Required action
Write out exactly, excluding pictures, the lines from the one containing "House in Hillsdale, Michigan, United" through the end of the data, both included.

Supplied data
⁂
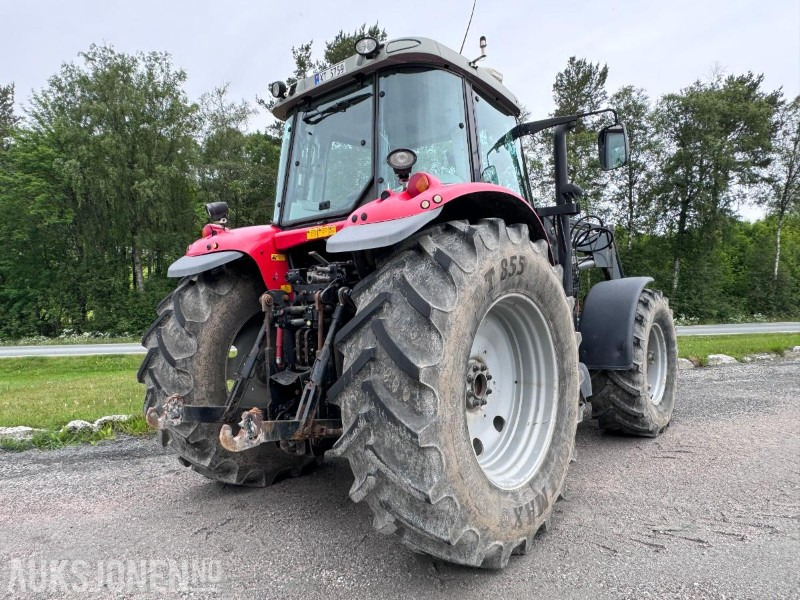 2004 Massey Ferguson 6480 Dynashift - Frontlaster med hydraulisk redskapslås - Fronthydraulikk - 40 km - Fjærende hytte - tredje funksjon - Tractor agricol: Foto 4 2004 Massey Ferguson 6480 Dynashift - Frontlaster med hydraulisk redskapslås - Fronthydraulikk - 40 km - Fjærende hytte - tredje funksjon - Tractor agricol: Foto 4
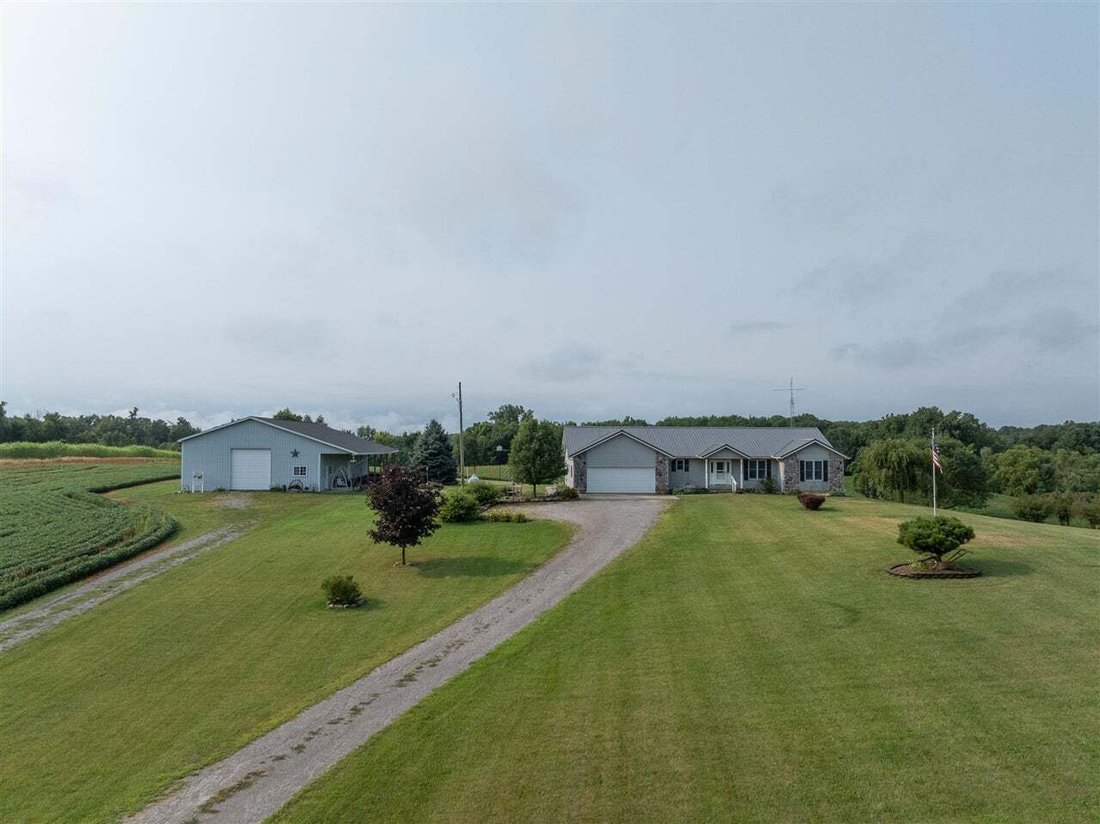 House in Hillsdale, Michigan, United States 1 - 18665704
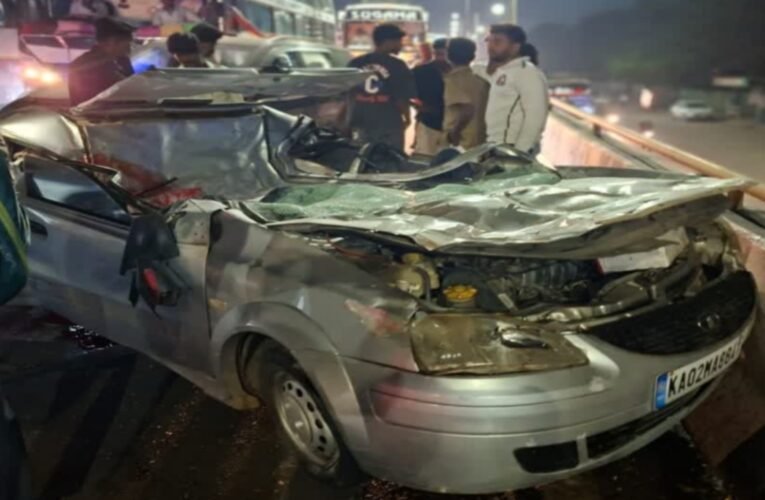 नेलमंगला में भीषण हादसा: तेज रफ्तार कार डिवाइडर फांद बस से टकराई, 5 युवकों की मौत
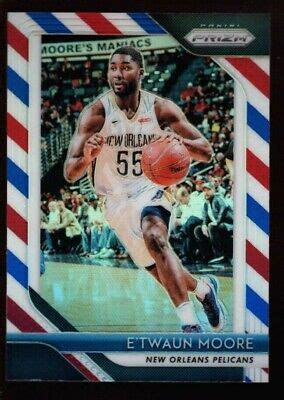 E Twaun Moore Pelicans Prizms Red White Blue Refractor Sp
⁂
Response area
 House in Hillsdale, Michigan, United States 1 - 18665704
 नेलमंगला में भीषण हादसा: तेज रफ्तार कार डिवाइडर फांद बस से टकराई, 5 युवकों की मौत
 E Twaun Moore Pelicans Prizms Red White Blue Refractor Sp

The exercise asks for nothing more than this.